Compensation awarded for traffic u-turn motorbike crash
This is a regular source of trouble. One of the main benefits of a motorcycle is its manoeuverability, particularly the ability to filter past queues of traffic. There is nothing illegal in this, provided the rider does not encroach upon hatchings or cross a double solid centre line, but it is axiomatic that overtaking should be done with care and at the sort of speed which will enable the rider to take safe evasive action if a hazard arises.
My client in this case had been overtaking a very long line of holiday traffic snaking its way into a well-known south Devon seaside town.
The predictable happened; a car ahead of him in the queue decided enough was enough and pulled out of the line to do a U-turn.

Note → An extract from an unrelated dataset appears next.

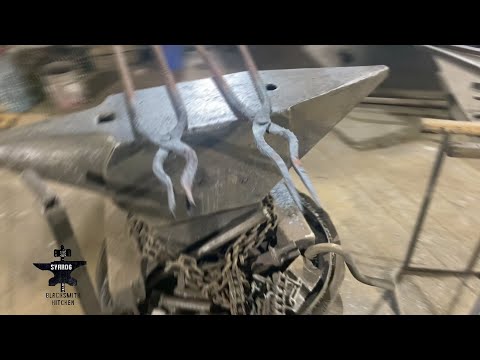 Своя кузня. С чего начать? part 3. Изготовление своего инструмента. Кузнечные клещи.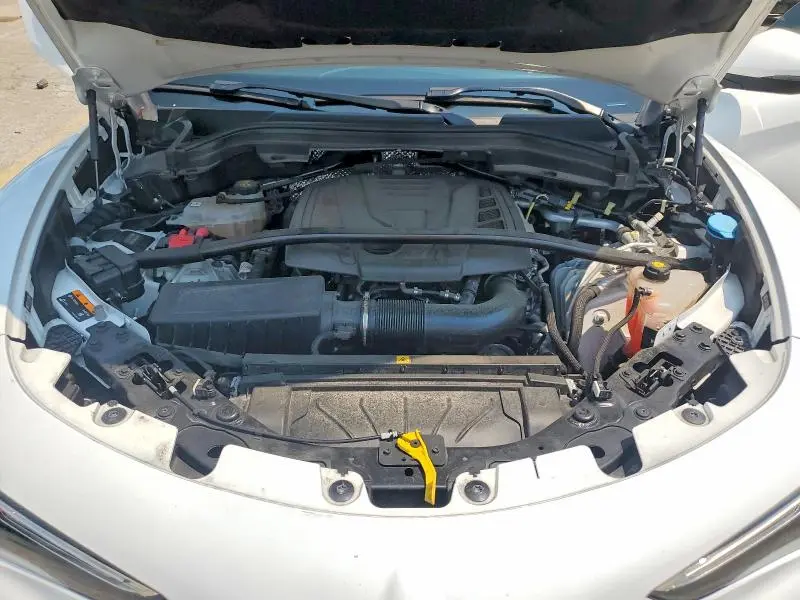 2021 ALFA ROMEO STELVIO TI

Unfortunately, the lady driver, distracted by two vocally fretful children in the car, did not think to check her mirror or look behind and simply swung into the rider’s path. He braked hard, locked up, but could not avoid hitting the car, totalling his brand new Kawasaki and suffering a broken left leg.
The car driver’s insurers admitted primary responsibility, but argued that the rider was also to blame, because witness evidence from other drivers in the queue was that he was doing well over 40mph past the line. That speed was plainly too high for him to react safely to the sort of hazard that he ought to have foreseen might arise.
The insurers also tried to argue that by not having his headlight on, he was even more to blame, since although it was daylight and the use of lights not compulsory, the headlight might have meant him being seen before the impact.
The first argument was soundly based; any judge would reduce compensation in light of that speed under those circumstances. But the second argument was a red-herring- the police witness statement from the driver made it clear that she never looked in her mirror at all before turning- headlight or no headlight was irrelevant. She wouldn’t have seen it anyway, because she didn’t look.
The claim was settled on the basis of equal blame by both parties, so our client recovered 50% of his claim for his injuries and the damage to his bike.